Data provided:
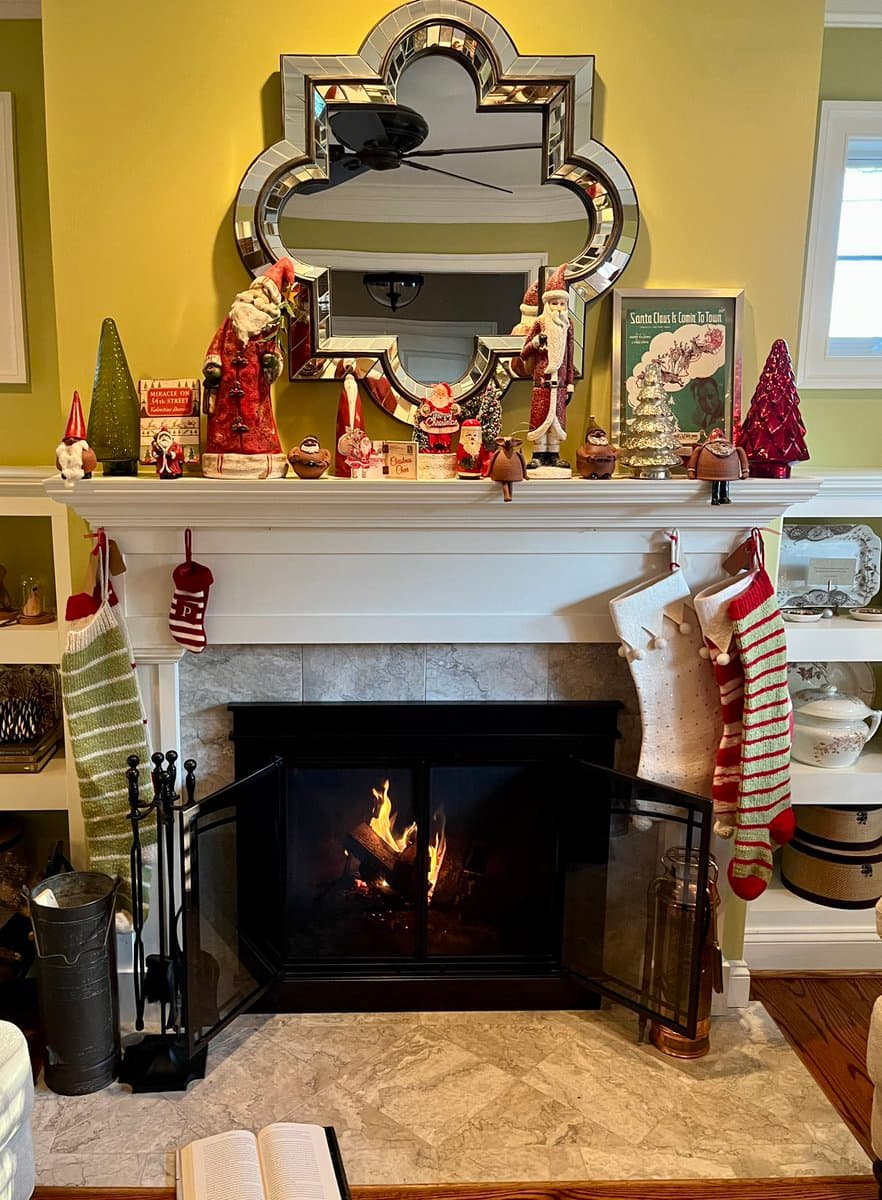A festive indoor scene featuring a lit fireplace with a marble hearth, decorated with Christmas stockings and a collection of Santa figurines and ornaments on the mantel. A large, ornate mirror hangs on the yellow wall above the mantel, reflecting a ceiling fan.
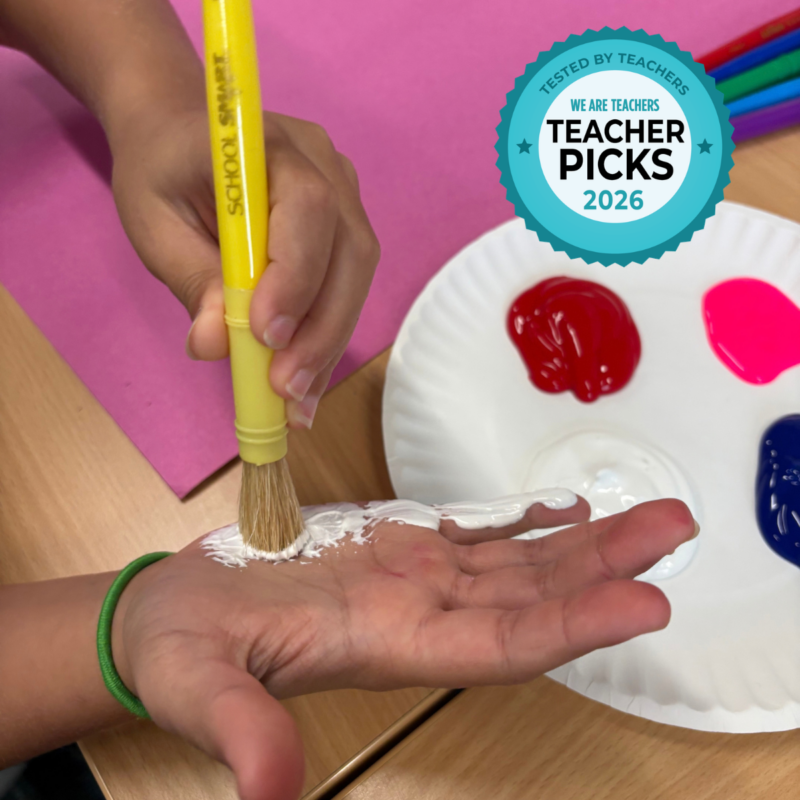 Student using a School Smart paint brush to apply white paint on the palm of their hand.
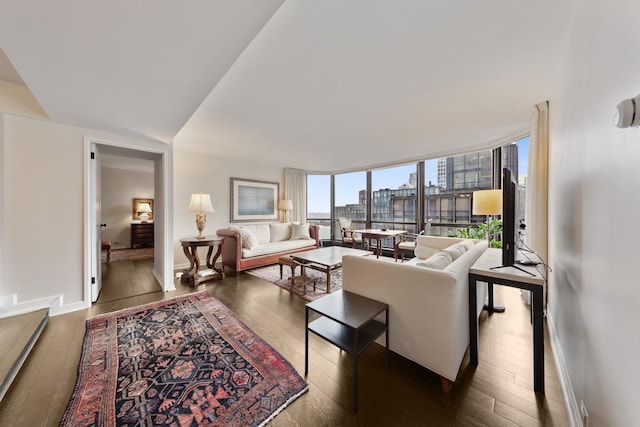 living room with a wall of windows, dark wood finished floors, and baseboards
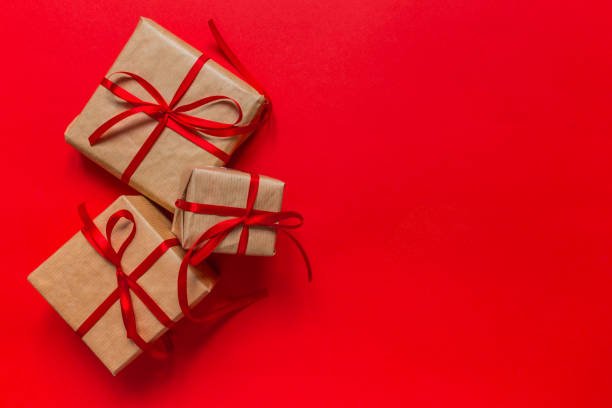 istock Christmas background with decorations and gift boxes on red background 1183055137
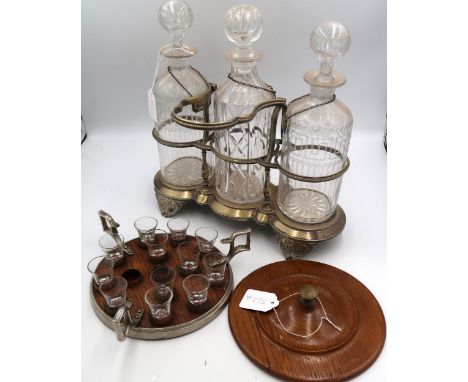 A 19th century oak shot class tray with lid. Originally a communion tray. Together with a silver plated three decanter stand 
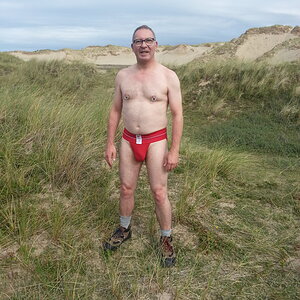 Front view of the red Wang Jiang jockstrap while walking through the dunes to get to the beach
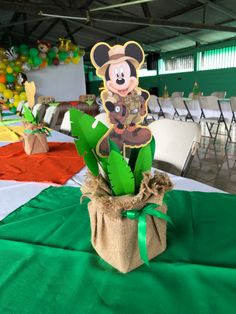 a mickey mouse centerpiece sitting on top of a green table cloth covered tablecloth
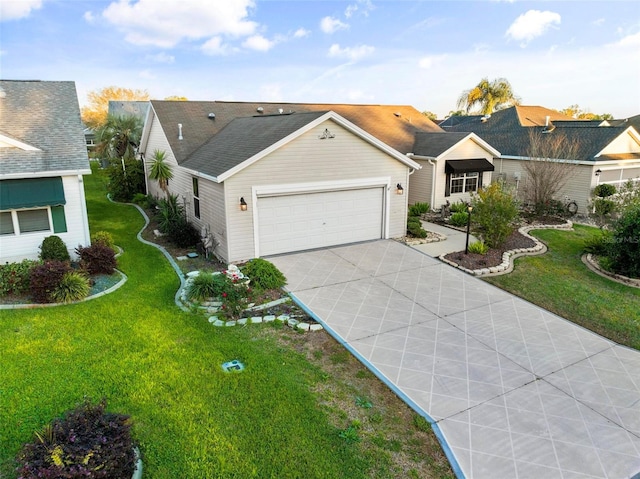 ranch-style house featuring concrete driveway, an attached garage, and a front yard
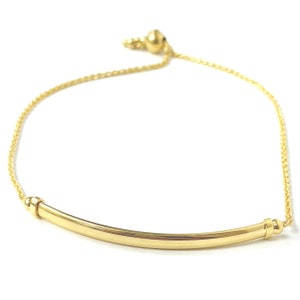 May include: A gold chain bracelet with a curved bar charm. The bracelet is adjustable with a sliding bead.
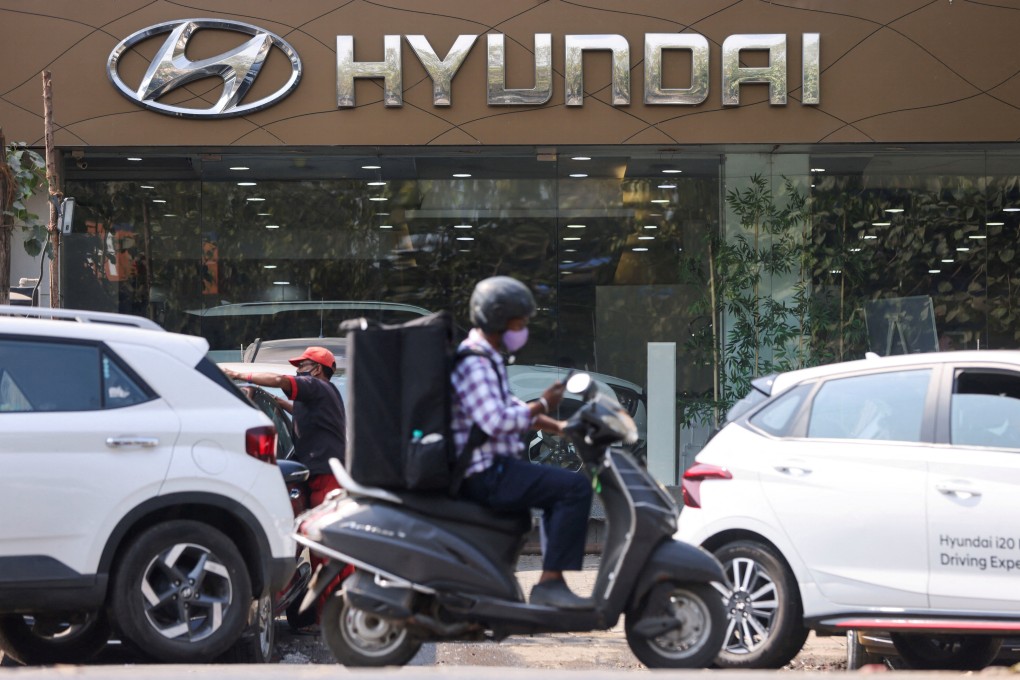 A man rides a scooter past a Hyundai dealership in Mumbai. South Korea’s Hyundai is the second-largest carmaker in India. Photo: Reuters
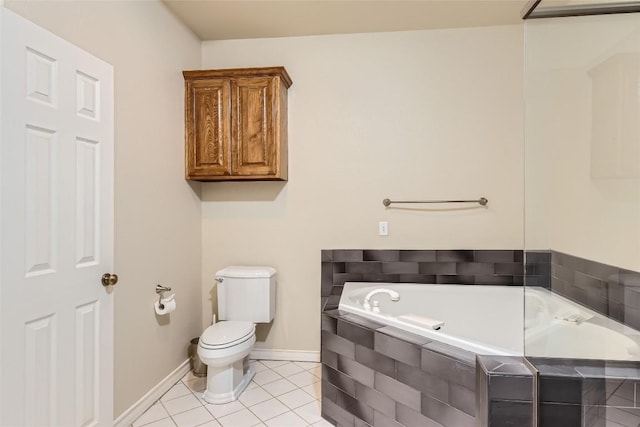 bathroom featuring tiled bath, tile patterned flooring, and toilet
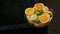 Panorama of deep glass bowl with sliced orange and lime circles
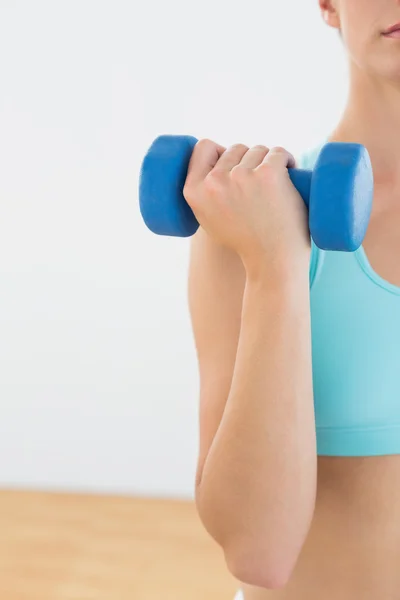 Seção intermediária close-up de uma mulher com halteres no estúdio de fitness — Fotografia de Stock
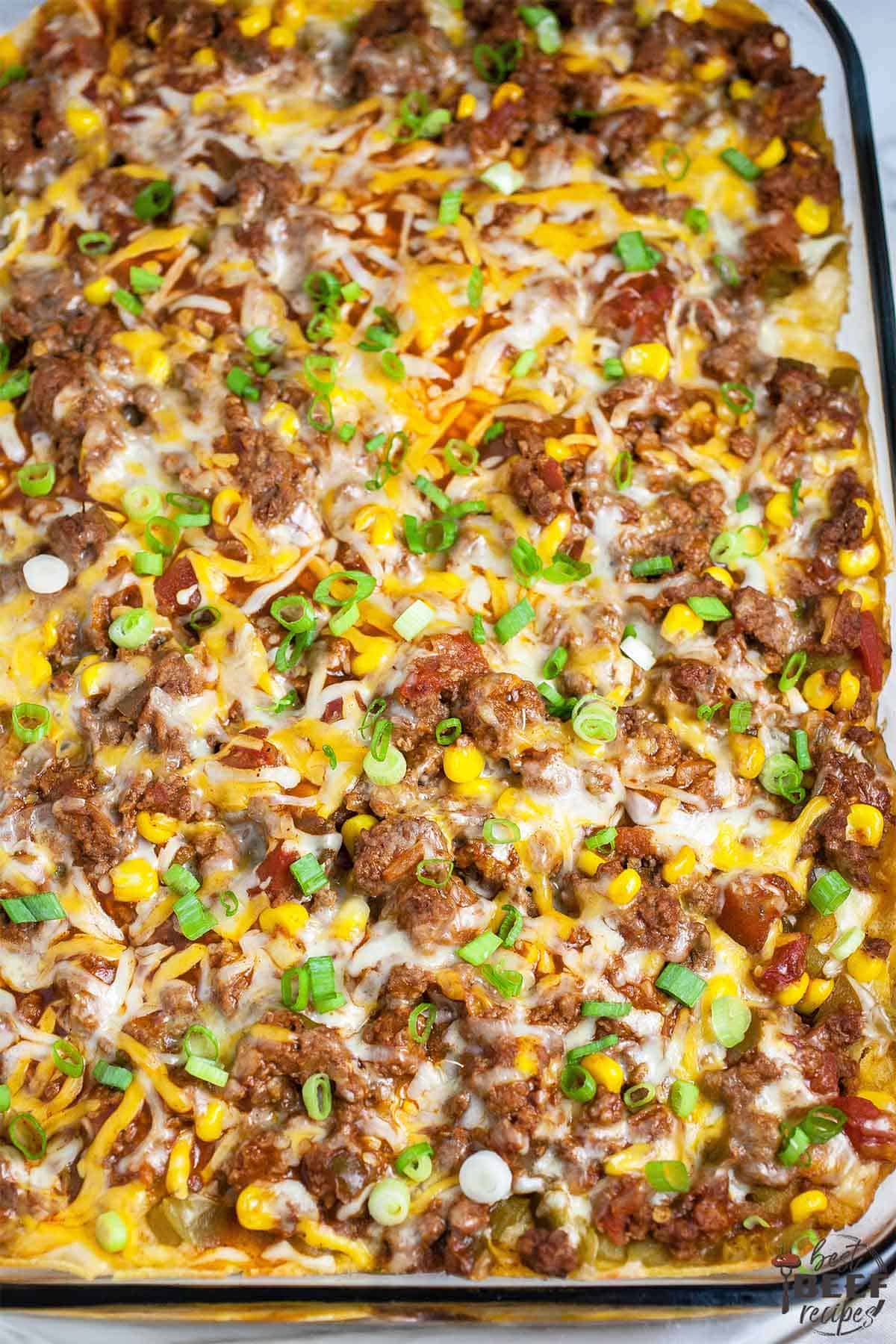 Taco casserole in a glass dish up close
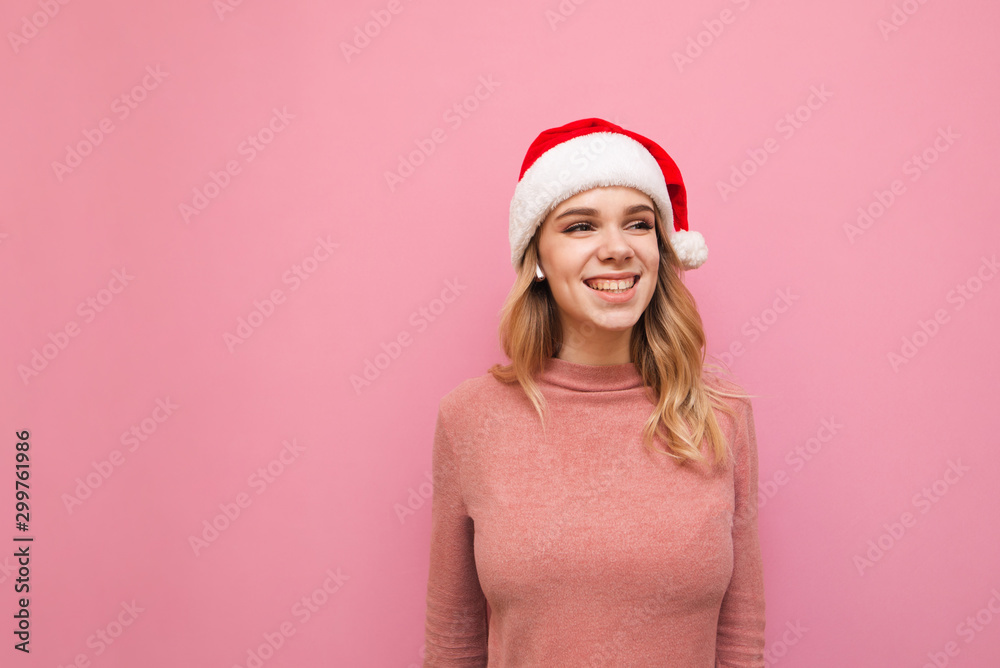 Smiling cute girl in Christmas hat and pink clothes isolated on pink, looking away and rejoicing.Happy lady in a Christmas hat stands on a pink background and listens to music in wireless headphones Smiling cute girl in Christmas hat and pink clothes isolated on pink, looking away and rejoicing.Happy lady in a Christmas hat stands on a pink background and listens to music in wireless headphones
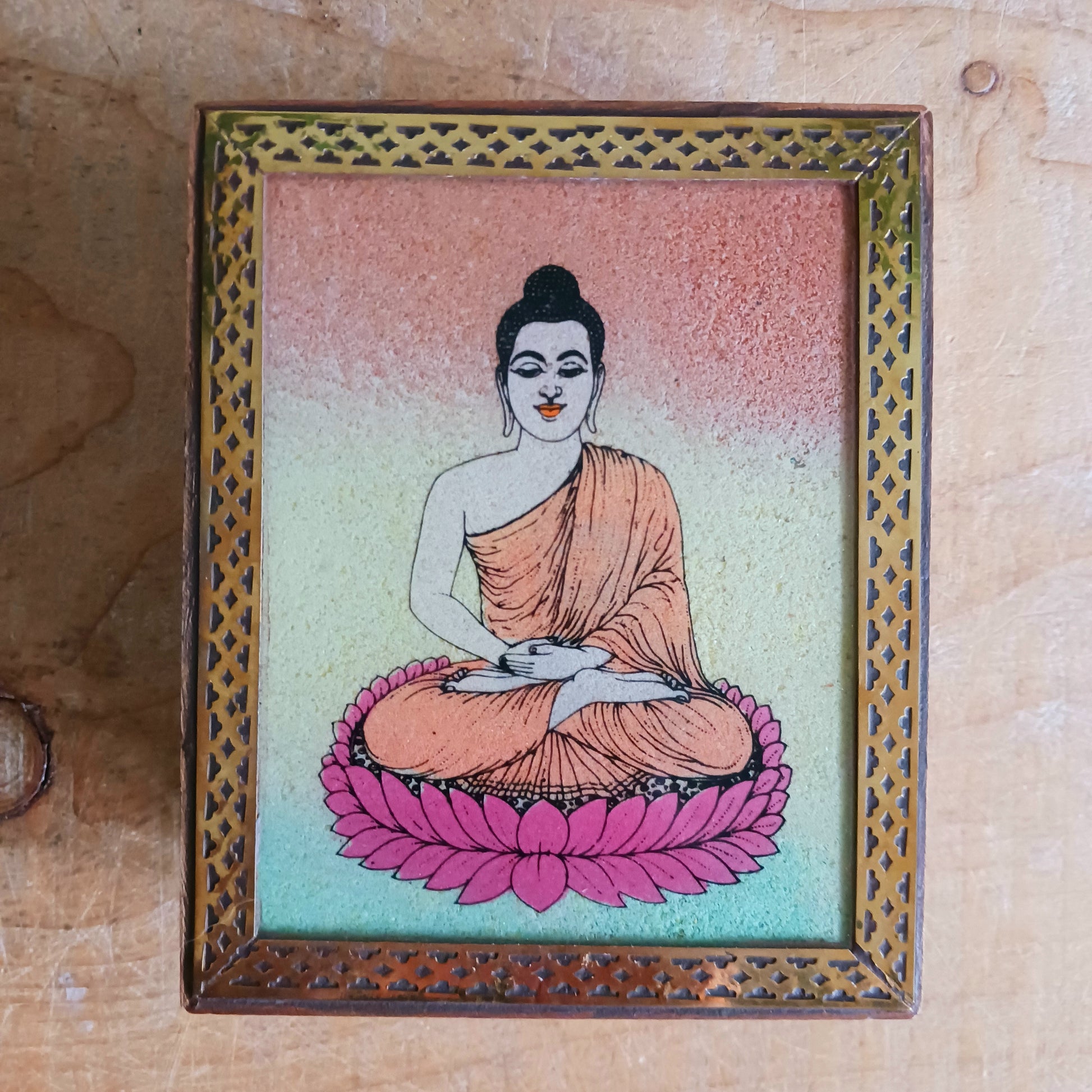 Bring peace and elegance to your space with this exquisite decorative mango wood box. Featuring a vibrant sand painting of Buddha in the meditation mudra, this piece is a true work of art. The detailed image is first hand-painted on a glass top and then filled with colourful sand, giving it depth and texture.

Brief: Restate the entire listing word for word, excluding pictures.

Your response:
A festive indoor scene featuring a lit fireplace with a marble hearth, decorated with Christmas stockings and a collection of Santa figurines and ornaments on the mantel. A large, ornate mirror hangs on the yellow wall above the mantel, reflecting a ceiling fan.
 Student using a School Smart paint brush to apply white paint on the palm of their hand.
 living room with a wall of windows, dark wood finished floors, and baseboards
 istock Christmas background with decorations and gift boxes on red background 1183055137
 A 19th century oak shot class tray with lid. Originally a communion tray. Together with a silver plated three decanter stand 
 Front view of the red Wang Jiang jockstrap while walking through the dunes to get to the beach
 a mickey mouse centerpiece sitting on top of a green table cloth covered tablecloth
 ranch-style house featuring concrete driveway, an attached garage, and a front yard
 May include: A gold chain bracelet with a curved bar charm. The bracelet is adjustable with a sliding bead.
 A man rides a scooter past a Hyundai dealership in Mumbai. South Korea’s Hyundai is the second-largest carmaker in India. Photo: Reuters
 bathroom featuring tiled bath, tile patterned flooring, and toilet
 Panorama of deep glass bowl with sliced orange and lime circles
 Seção intermediária close-up de uma mulher com halteres no estúdio de fitness — Fotografia de Stock
 Taco casserole in a glass dish up close
 Smiling cute girl in Christmas hat and pink clothes isolated on pink, looking away and rejoicing.Happy lady in a Christmas hat stands on a pink background and listens to music in wireless headphones Smiling cute girl in Christmas hat and pink clothes isolated on pink, looking away and rejoicing.Happy lady in a Christmas hat stands on a pink background and listens to music in wireless headphones
 Bring peace and elegance to your space with this exquisite decorative mango wood box. Featuring a vibrant sand painting of Buddha in the meditation mudra, this piece is a true work of art. The detailed image is first hand-painted on a glass top and then filled with colourful sand, giving it depth and texture.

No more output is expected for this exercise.